• **Problem description**:
Begin with the line containing "URGE-2PC DHANAK EMBROIDERED", end with the last line of the records, and retype everything in between exactly, without the pictures.

★ ★ ★

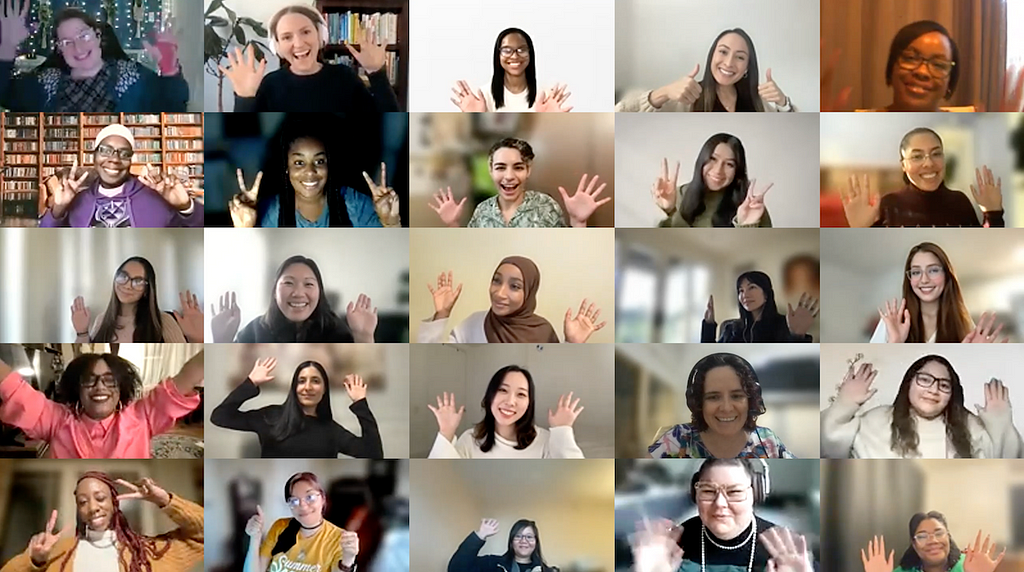 Zoom grid of 25 people cheering at the virtual launch celebration for Techtonica’s 2023 H1 cohort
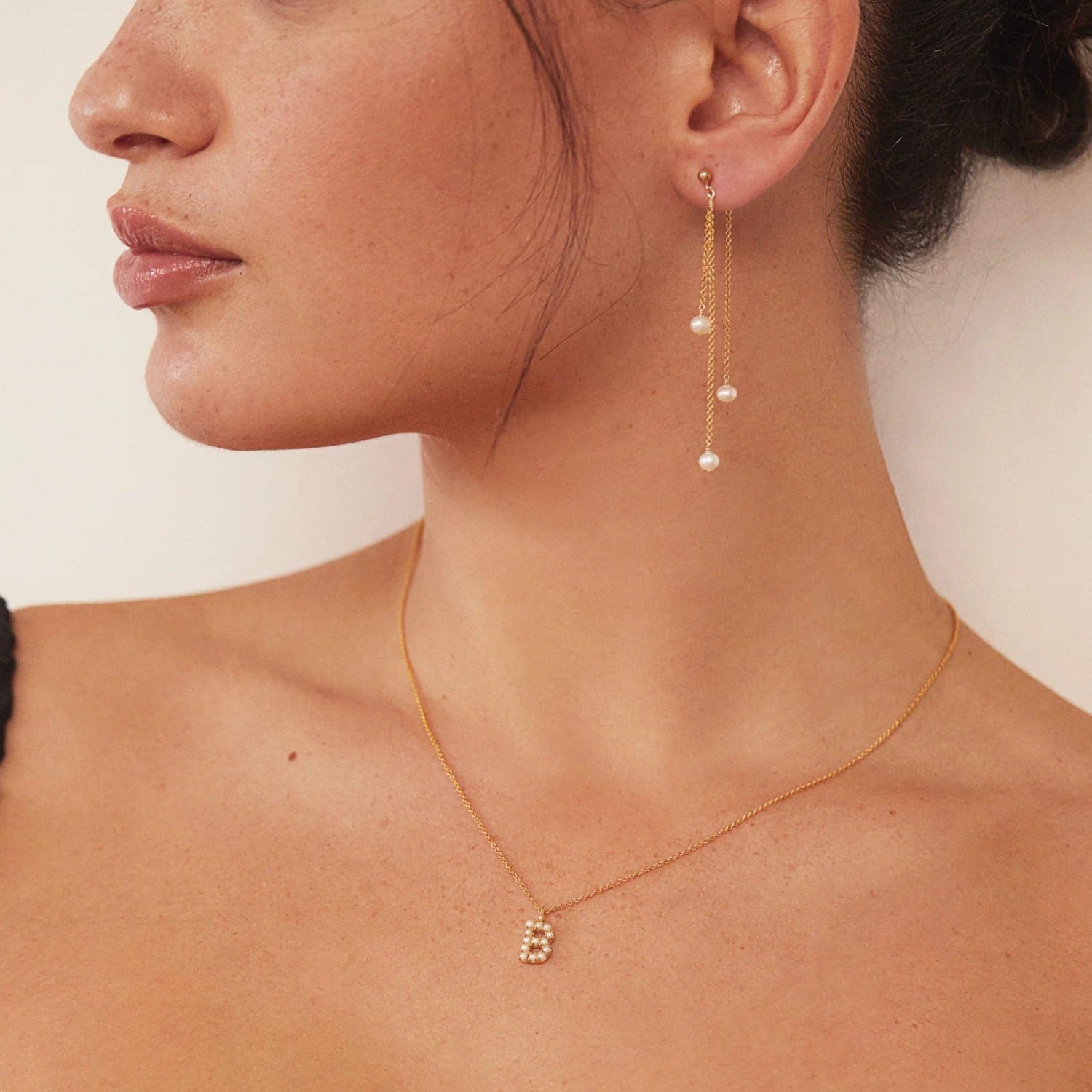 Solid White Gold Layered Pearl Drop Earrings - Image 4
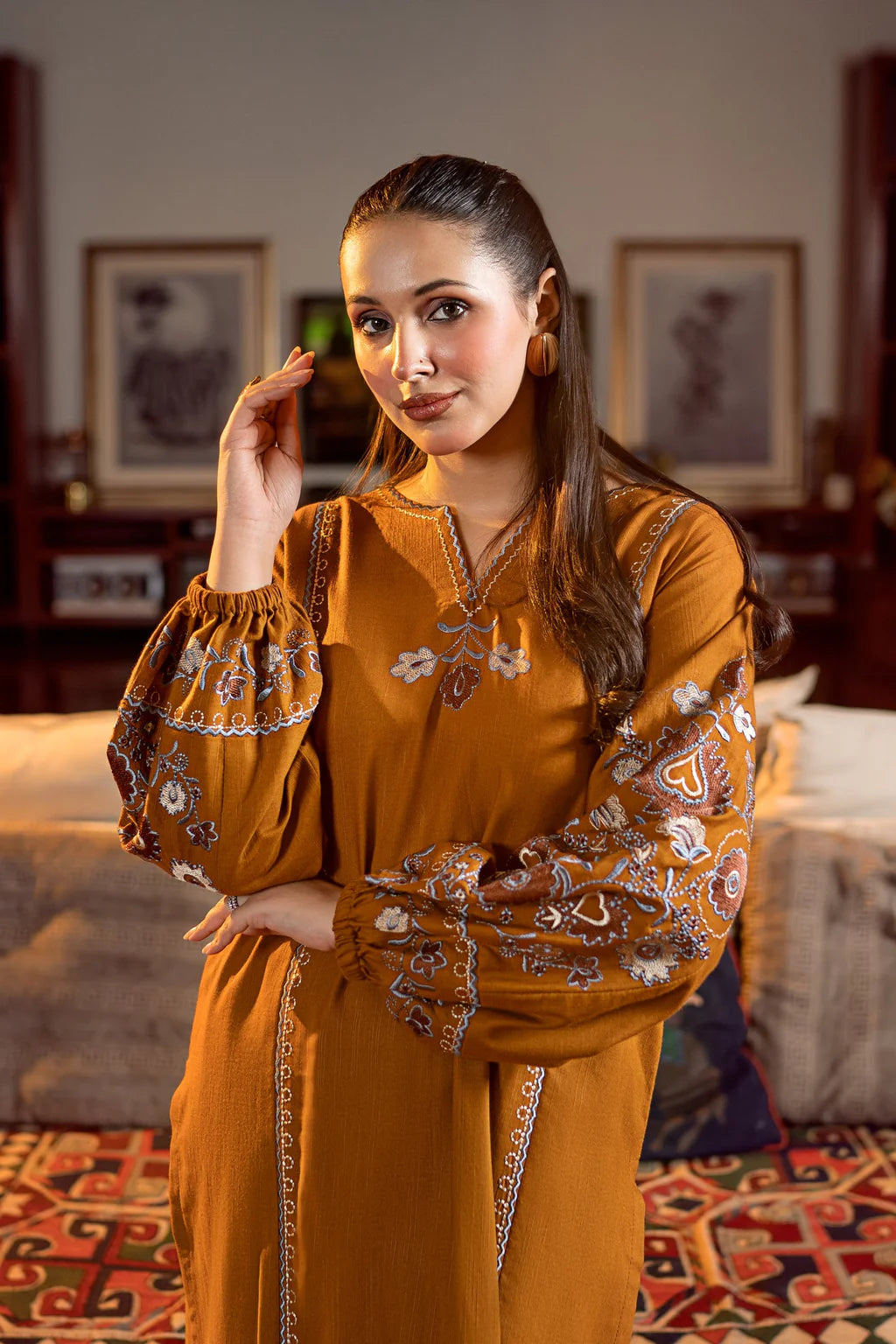 URGE-2PC DHANAK EMBROIDERED SHIRT AND EMBROIDRED SLEEVES-UR-2622
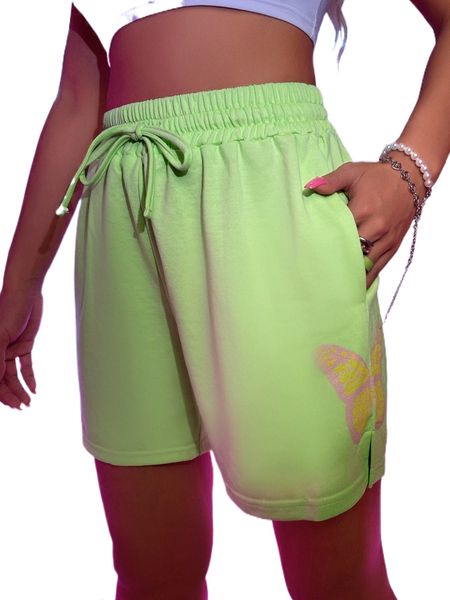 

butterfly print drawstring waist shorts a6xc#, White;black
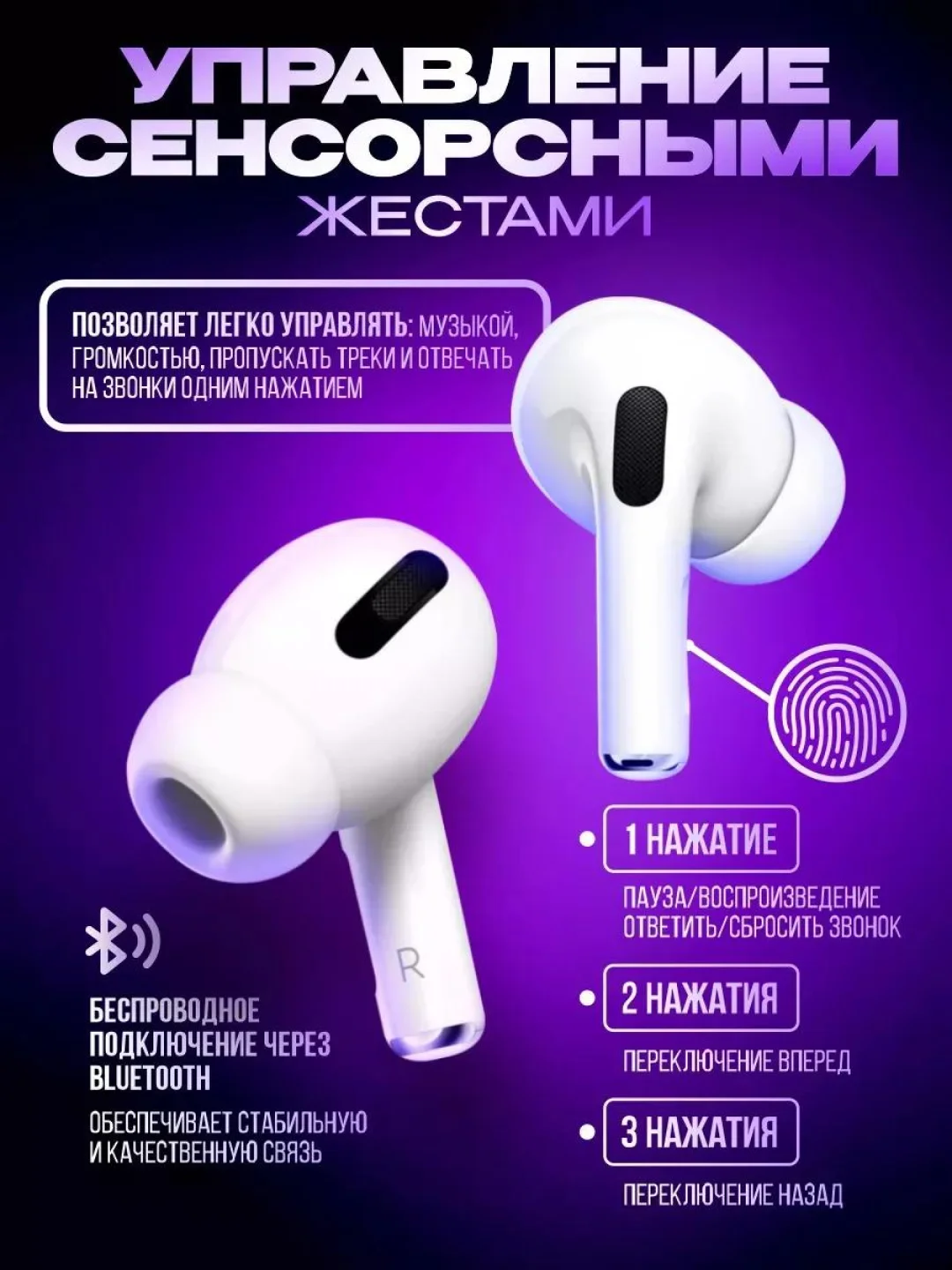 Беспроводные наушники Air Pro 2 с разъемом Type-C, с беспроводной зарядкой, универсальные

★ ★ ★

• **Written answer**:
 URGE-2PC DHANAK EMBROIDERED SHIRT AND EMBROIDRED SLEEVES-UR-2622

butterfly print drawstring waist shorts a6xc#, White;black
 Беспроводные наушники Air Pro 2 с разъемом Type-C, с беспроводной зарядкой, универсальные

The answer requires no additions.